* Required action *
In the entries below, begin at the line that has "Photo of property" and stop after the line that has "Ugradni Frižider Samsung"; output those lines exactly, leaving out pictures.
##### Information provided
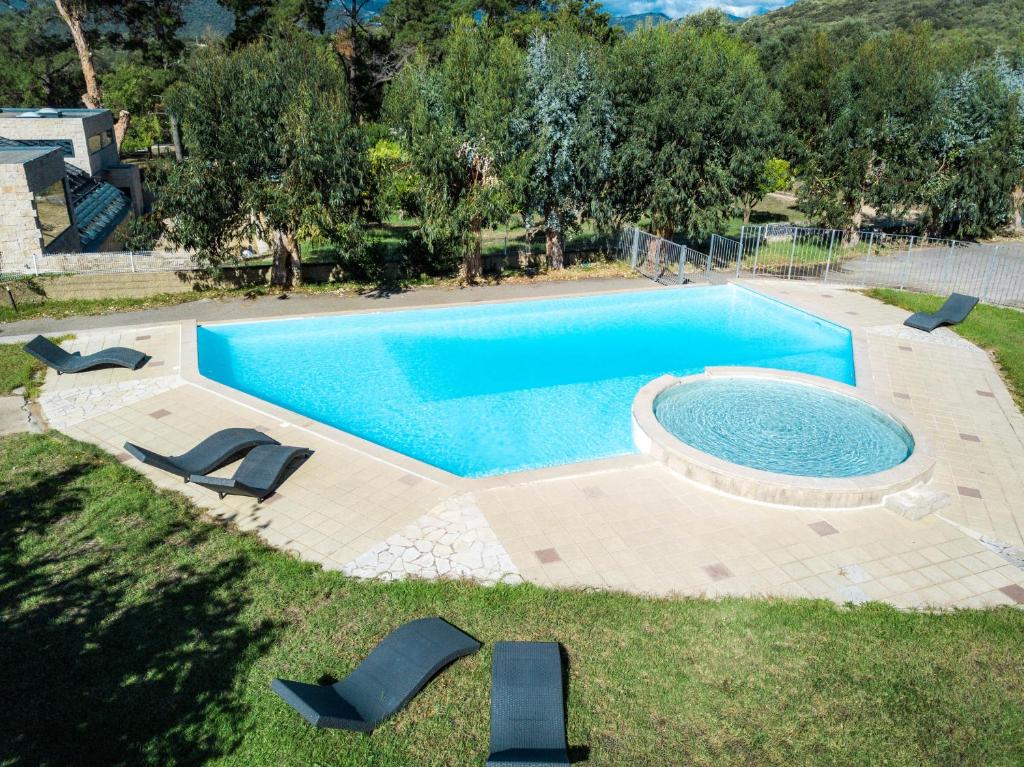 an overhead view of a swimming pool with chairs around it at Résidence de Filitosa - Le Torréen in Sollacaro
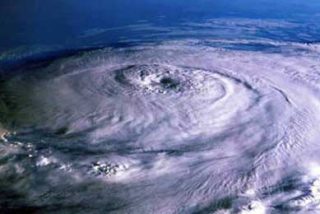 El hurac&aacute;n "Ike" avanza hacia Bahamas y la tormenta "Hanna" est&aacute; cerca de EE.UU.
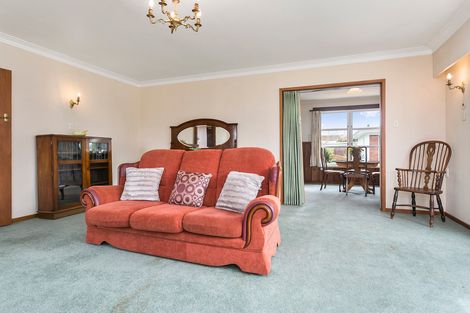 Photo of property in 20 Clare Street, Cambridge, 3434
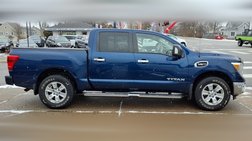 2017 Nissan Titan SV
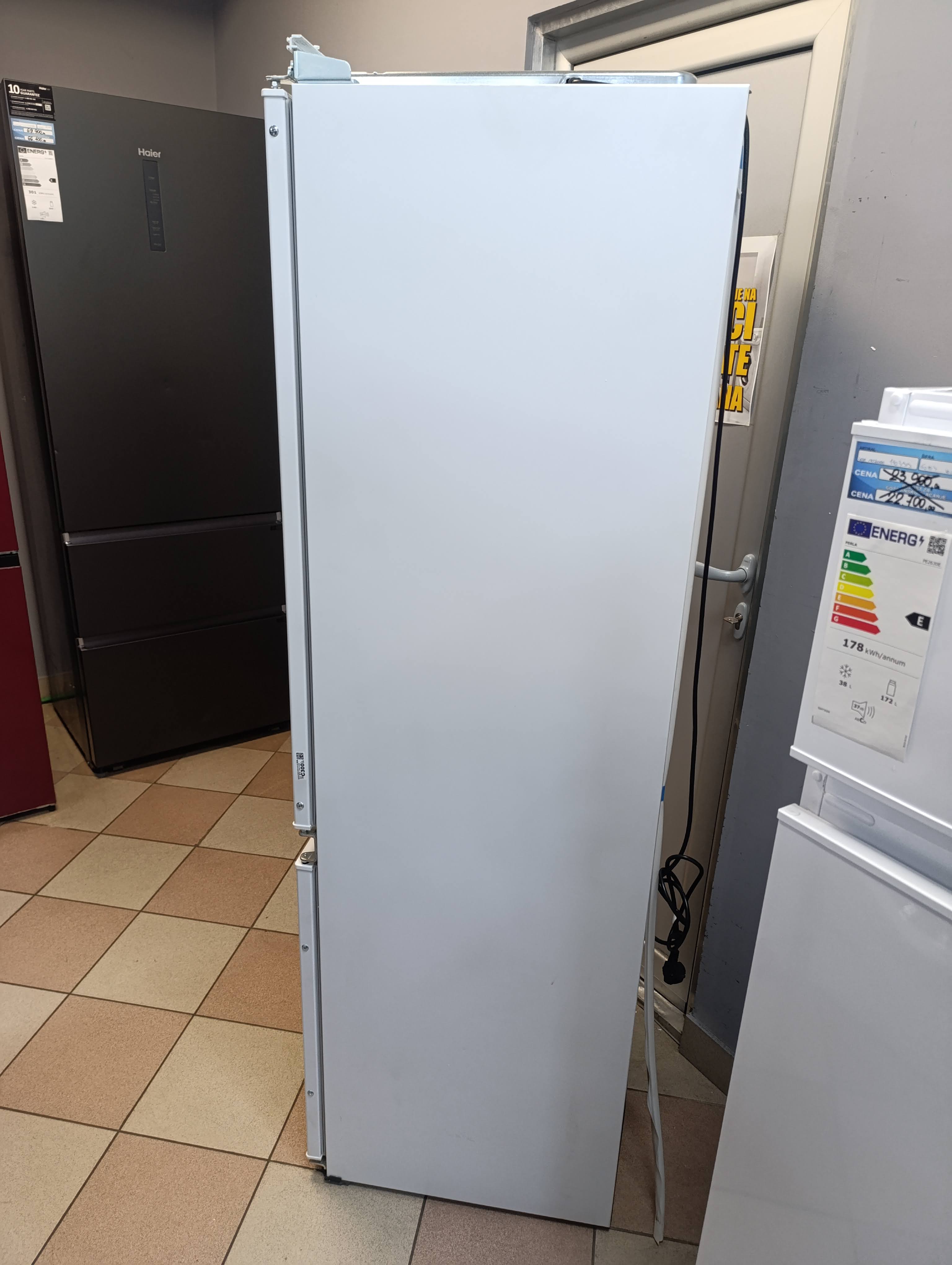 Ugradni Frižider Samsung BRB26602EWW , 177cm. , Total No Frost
##########
##### Information provided
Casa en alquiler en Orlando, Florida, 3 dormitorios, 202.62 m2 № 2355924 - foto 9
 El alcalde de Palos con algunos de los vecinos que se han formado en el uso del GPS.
##########
* Problem solution *
 Photo of property in 20 Clare Street, Cambridge, 3434
 2017 Nissan Titan SV
 Ugradni Frižider Samsung BRB26602EWW , 177cm. , Total No Frost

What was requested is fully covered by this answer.